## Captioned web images

▽

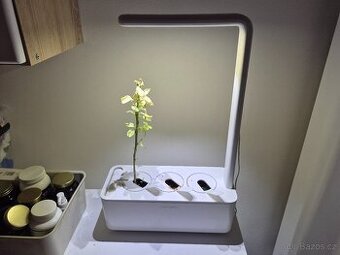 Hydroponický květináč Click and grow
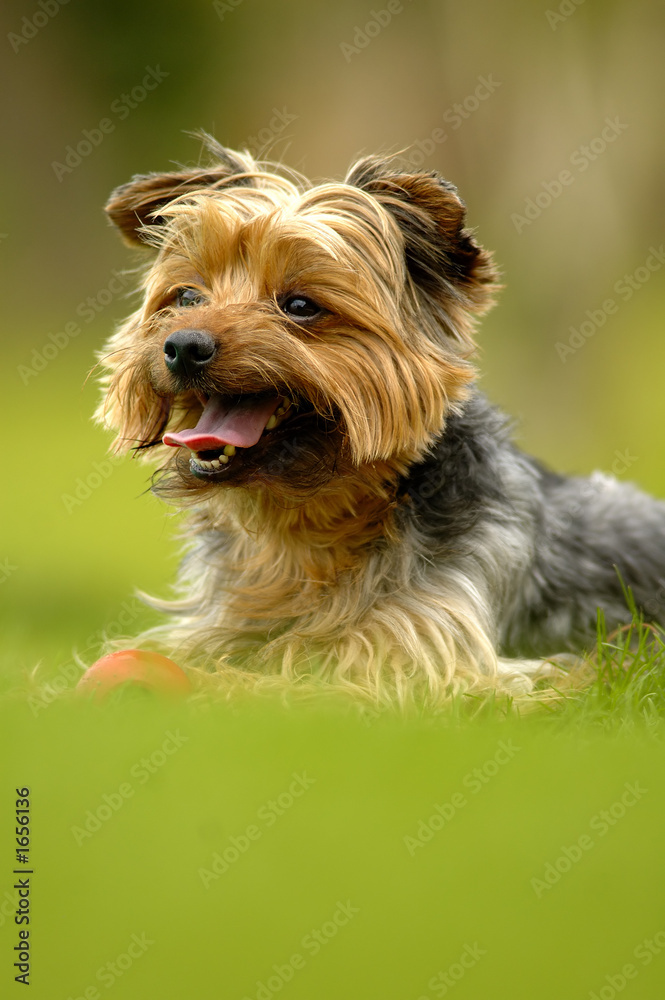 yorkshire terrier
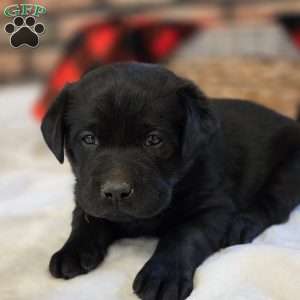 Chief, Black Labrador Retriever Puppy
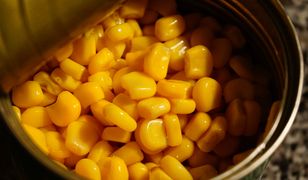 GIS wydał komunikat ws. bakterii w kukurydzy. Jest śmiertelnie groźna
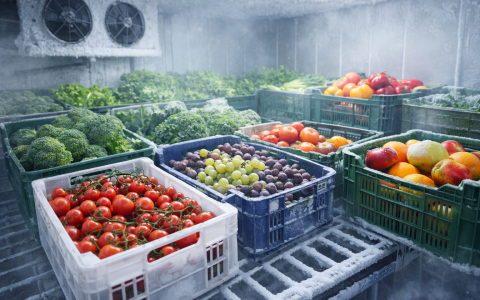 ❄採購「生鮮蔬果冷凍技術」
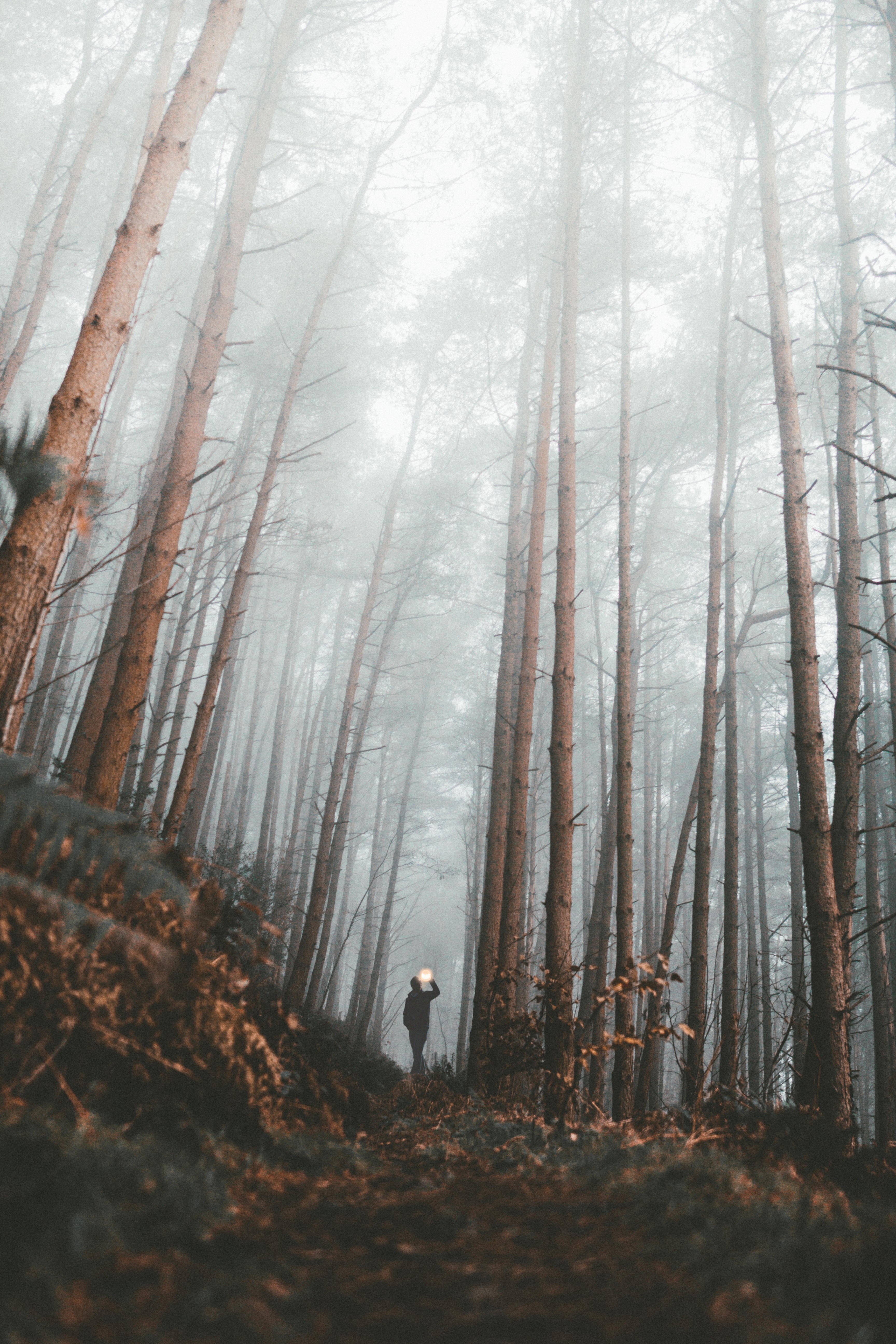 Wallpaper / searching lost places 4k wallpaper free download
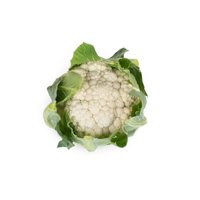 PAXTON RZ F1 (26-229) product photo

△

## WORK ITEM
Transcribe all the lines above exactly, apart from the pictures.

## SOLUTION TO THE PROBLEM
 Hydroponický květináč Click and grow
 yorkshire terrier
 Chief, Black Labrador Retriever Puppy
 GIS wydał komunikat ws. bakterii w kukurydzy. Jest śmiertelnie groźna
 ❄採購「生鮮蔬果冷凍技術」
 Wallpaper / searching lost places 4k wallpaper free download
 PAXTON RZ F1 (26-229) product photo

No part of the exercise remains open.